# Number Theory and Physics at the Crossroads (08w5077)

## Organizers

Charles Doran (University of Alberta, Canada)

Sergei Gukov (California Institute of Technology)

Helena Verrill (Louisiana State University)

Noriko Yui (Queen's University, Canada)

Don Zagier (Max-Planck Institute Bonn)

## Objectives

Physical duality symmetries relate special limits of the various

consistent string theories (Types I, II, Heterotic string and

their cousins, including F-theory) one to another. By comparing

the mathematical descriptions of these theories, one reveals

often quite deep and unexpected mathematical conjectures.

The best known string duality to mathematicians, Type IIA/IIB

duality also called {it mirror symmetry}, has inspired many

new developments in algebraic and arithmetic geometry, number

theory, toric geometry, Riemann surface theory, and infinite

dimensional Lie algebras. Other string dualities such as

Heterotic/Type II duality and F-Theory/Heterotic string

duality have also, more recently, led to series of

mathematical conjectures, many involving elliptic curves,

K3 surfaces, and modular forms.

In recent years, we have witnessed that modular forms,

quasi-modular forms and automorphic forms play a central role

in mirror symmetry, in particular, as generating functions

counting the number of curves on Calabi--Yau manifolds and

describing Gromov--Witten invariants. This has led to a

realization that time is ripe to assess the role of number

theory, in particular that of modular forms, in mirror symmetry

and string dualities in general. Indeed, there have been at

least two efforts along this line.

One is the the first five-day workshop on ``Modular Forms and

String Duality'' which was held at BIRS in June 2006. It brought

together mathematicians and physicists working on problems

inspired by string theory. Many researchers in string theory

and number theory, working on the same or related problems from

different angles came together at BIRS. This synthesis proved

powerful and beneficial to both parties involved; simply put,

the workshop was a huge success. There was an overwhelming

concensus from researchers working at the crossroads of number

theory and physics to organize this kind of workshop more

frequently. In particular, many researchers are extremely

eager to have a second five-day workshop at BIRS in 2008 in

the subject area of number theory and physics.

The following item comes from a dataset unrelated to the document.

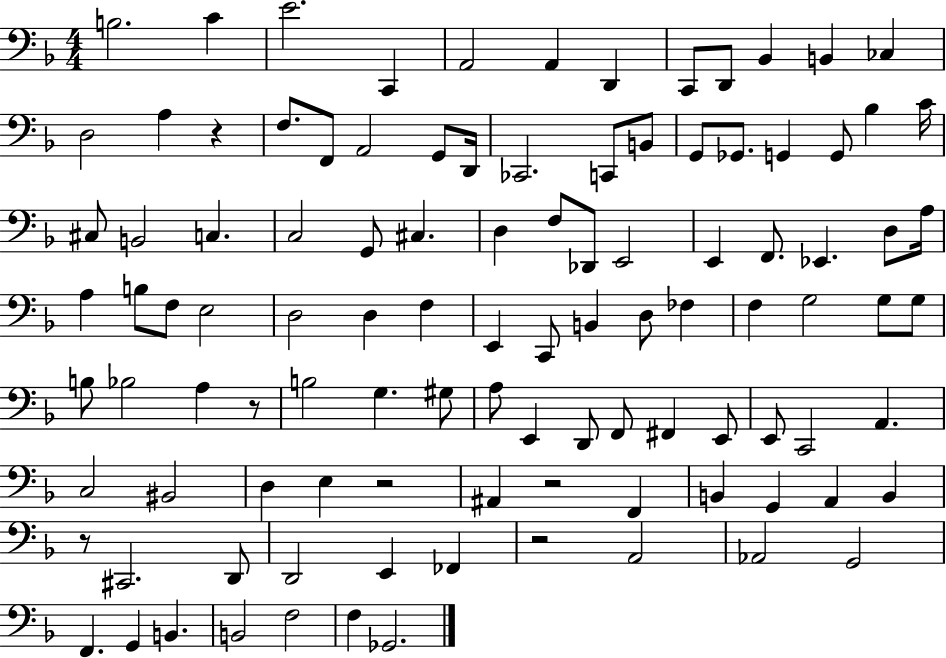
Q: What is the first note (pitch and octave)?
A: B3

This brings to the second effort: A new research journal

``Communications in Number Theory and Physics'' (published

by International Press of Boston) has been launched, specifically

devoted to subject areas at the crossroads of number theory

and physics. The editors-in-chief of this new journal are

Robert Dijkgraaf, David Kazdhan, Maxim Kontsevich, and Shing-Tung

Yau. The editorial board consists of prominent mathematicians

and theoretical physicists, many who will be taking part in

the workshop.

One of the principal goals of this workshop is to look at

automorphic forms, zeta-functions, $L$-series, Galois

representations, arising from Calabi--Yau manifolds or

more general varieties with the aim of interpreting duality

symmetries in string theory in terms of arithmetic invariants

associated to the varieties in question. The subject area

of interest might be roughly divided into the following

sub-categories:

-- Modular, quasimodular, bimodular forms and their applications.

These have begun to play an important role in the

Type II/Heterotic string duality.

-- Topological string theory, and modular forms.

-- Modularity of Galois representations, and arithmetic questions.

Generalizations of the Shimura-Taniyama conjecture for Calabi-Yau

varieties are of particular interest.

-- Mirror symmetry. There are various versions of ``mathematical

mirror symmetry'' (e.g., Kontsevich's Homological Mirror Symmetry

Conjecture and the proposal of Strominger-Yau-Zaslow). Of

particular interest for this workshop are the arithmetic

aspects of each of these.

-- Toric geometry, and combinatorial methods for describing

the geometry and topology of Calabi-Yau manifolds

(e.g., work of Batyrev-Borisov and Doran-Morgan).

-- Differential equations (e.g., Picard-Fuchs, quantum DE, etc.);

periods of differential forms on Calabi-Yau manifolds.

-- Conformal field theory, and modular forms. Relationship

with modular moonshine.

-- Arithmetic, geometric, and Hodge theoretic aspects of

the F-theory/Heterotic string duality, especially the

role played by complex multiplication.

-- Other topics at the crossroads of number theory and physics.